■ **WHAT TO WORK ON**
Nothing but the lines from the one with "公园里有两只黑狗视频的预览图" through the last line of the entries below should appear in the copy, please, and no pictures.
** RECORD EXCERPTS follows **
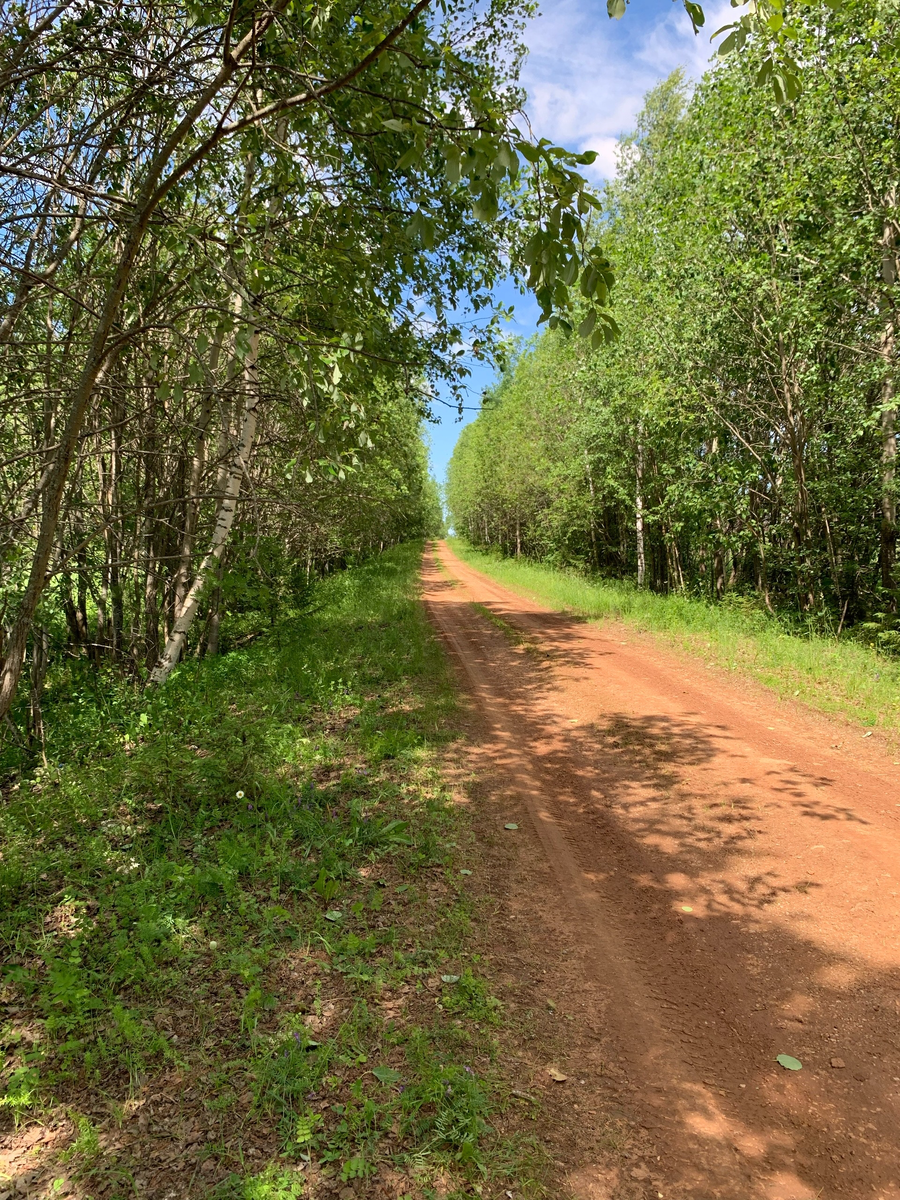Обожаю нашу природу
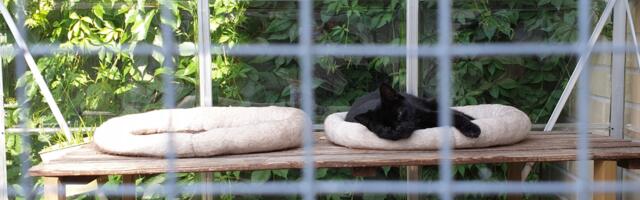 "Kui sa oma kassi teiste aedadest eemal hoida ei saa, siis osta kassiaedik! " on Marve arvamus : "Või pane liivakastid aeda kassi jaoks!"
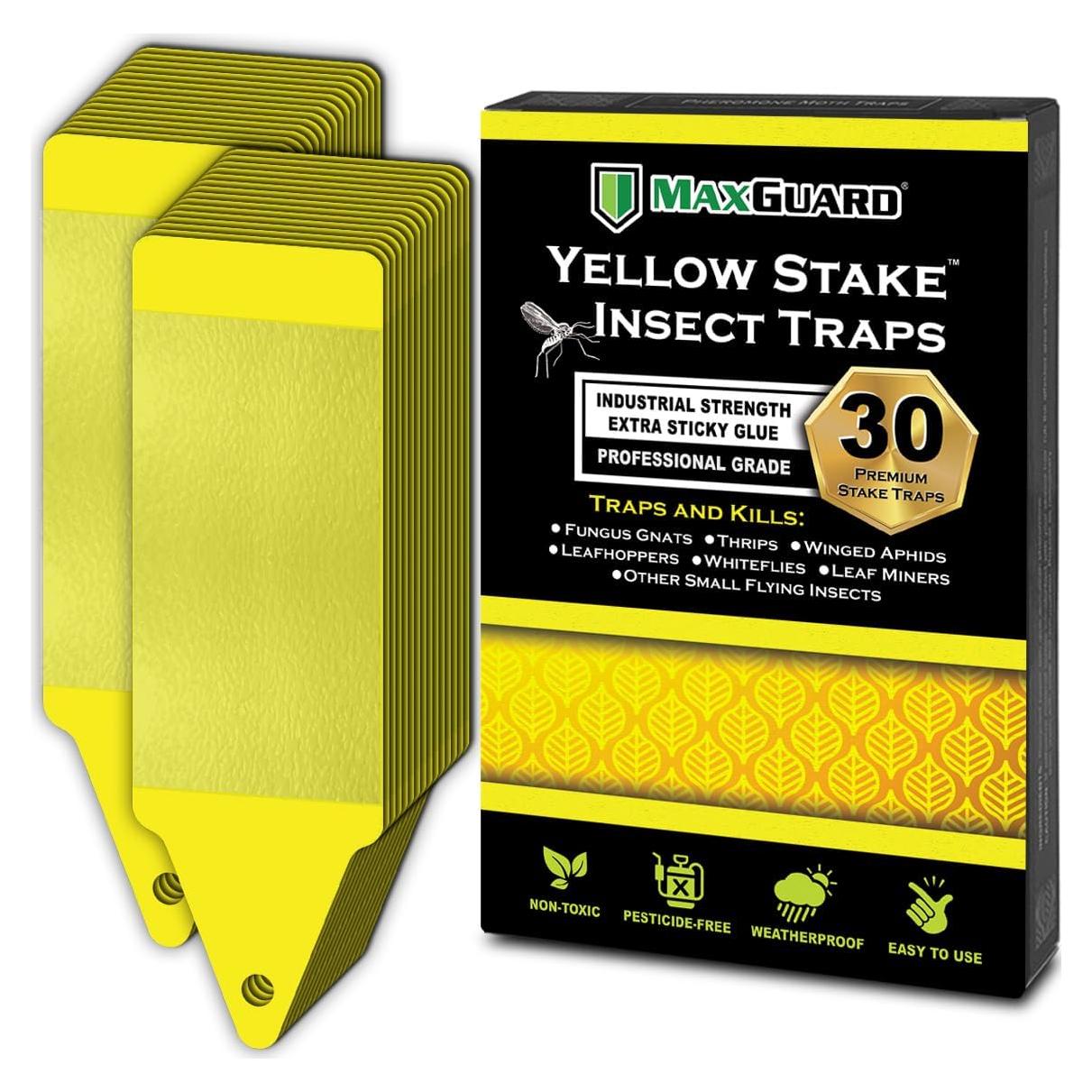 Trampas Adhesivas Amarillas Maxguard para Insectos - 30 Piezas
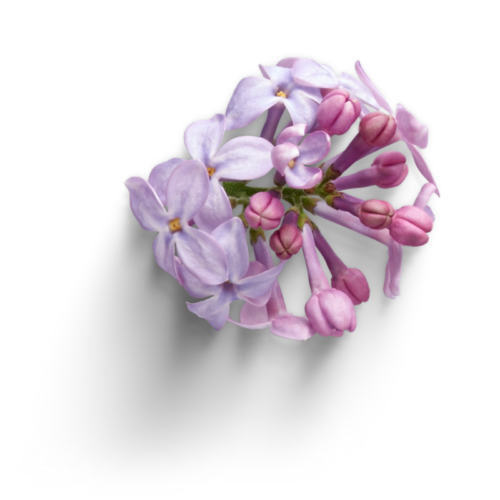 lilac flowers on white background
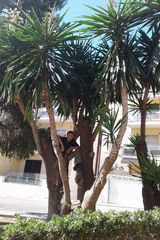 Benutzerfoto MariuszRybinski152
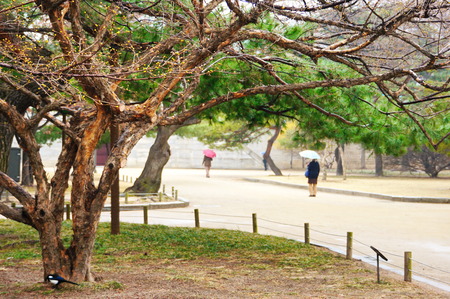 Big tree in a park at Kyungbok palace, Seoul, South Koreaのeditorial素材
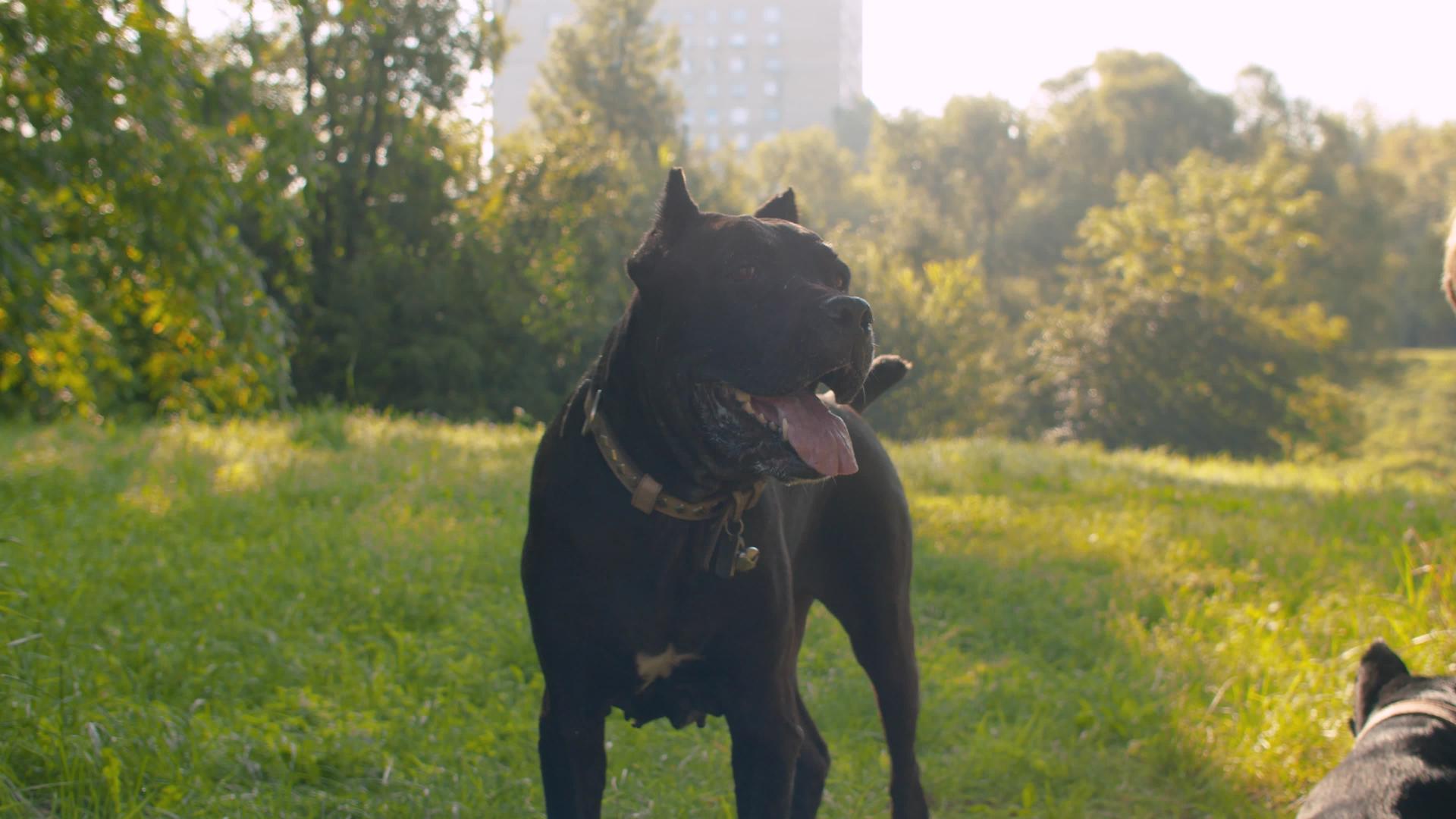 公园里有两只黑狗视频的预览图
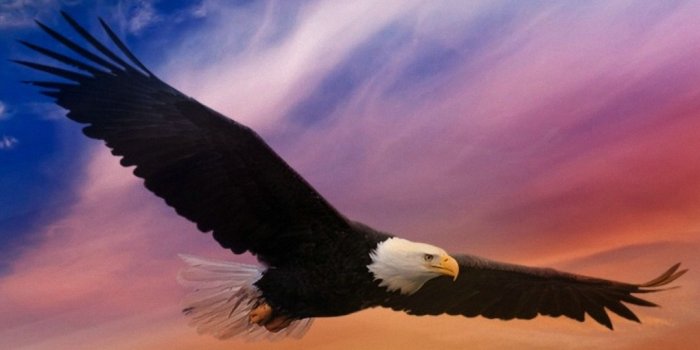 1080x1920 Eagle Android Wallpaper HD - 2021 Android Wallpapers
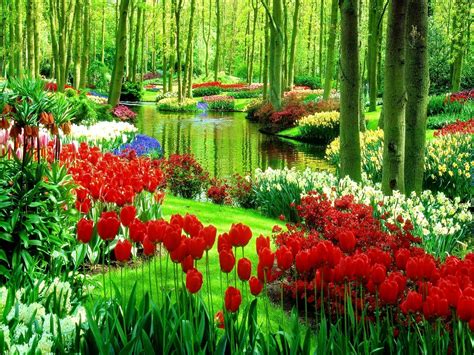 Park Flowers Wallpapers - Wallpaper Cave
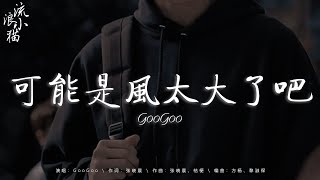 可能是風太大了吧 GooGoo，時光洪流，最孤獨的事，你將我推開，最後一頁，32度的晚風，我走後，翠花，走火【流行歌曲2024】2024抖音新歌 抖音神曲2024 2024流行歌曲 2024抖音熱歌 [upl. by Venator565]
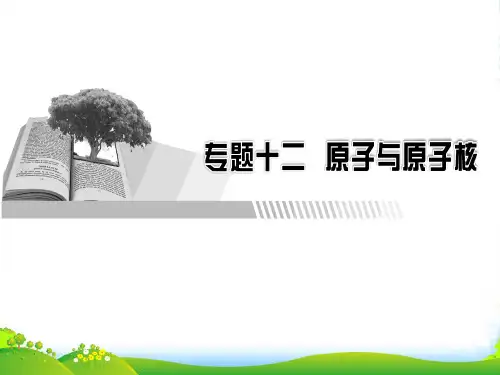 高三物理高考总复习课件：专题12 第1讲波粒二象性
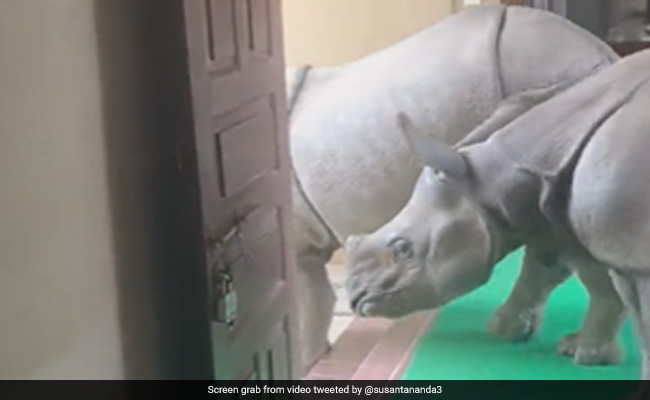 कमरे के अंदर घूमते दिखे विशाल गैंडे, देखकर लोगों के उड़े होश, Video शेयर कर IFS ने कही ये दिलचस्प बात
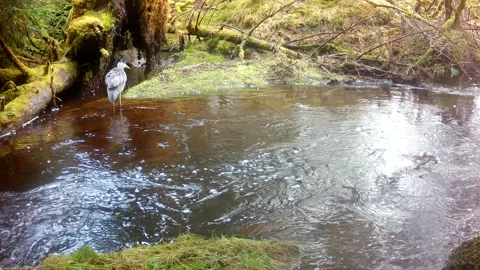 Grey Heron Diving Into Burn and Catching Small  Fish. Trail Camera Wildlife 스톡 동영상 334035415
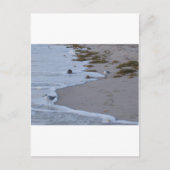 Florida Postkarte (Vorderseite)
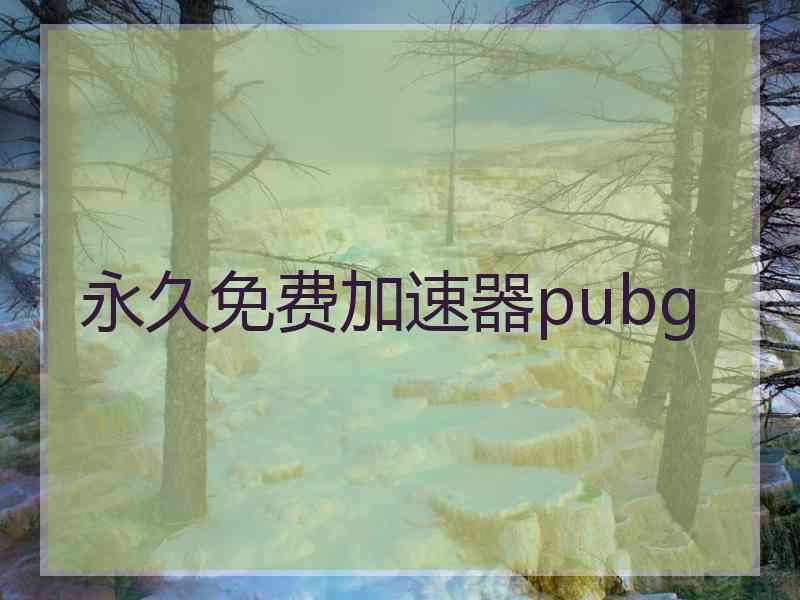 永久免费加速器pubg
** End of RECORD EXCERPTS **
■ **SOLUTION FOR THIS PROBLEM**
 公园里有两只黑狗视频的预览图
 1080x1920 Eagle Android Wallpaper HD - 2021 Android Wallpapers
 Park Flowers Wallpapers - Wallpaper Cave
 可能是風太大了吧 GooGoo，時光洪流，最孤獨的事，你將我推開，最後一頁，32度的晚風，我走後，翠花，走火【流行歌曲2024】2024抖音新歌 抖音神曲2024 2024流行歌曲 2024抖音熱歌 [upl. by Venator565]
 高三物理高考总复习课件：专题12 第1讲波粒二象性
 कमरे के अंदर घूमते दिखे विशाल गैंडे, देखकर लोगों के उड़े होश, Video शेयर कर IFS ने कही ये दिलचस्प बात
 Grey Heron Diving Into Burn and Catching Small  Fish. Trail Camera Wildlife 스톡 동영상 334035415
 Florida Postkarte (Vorderseite)
 永久免费加速器pubg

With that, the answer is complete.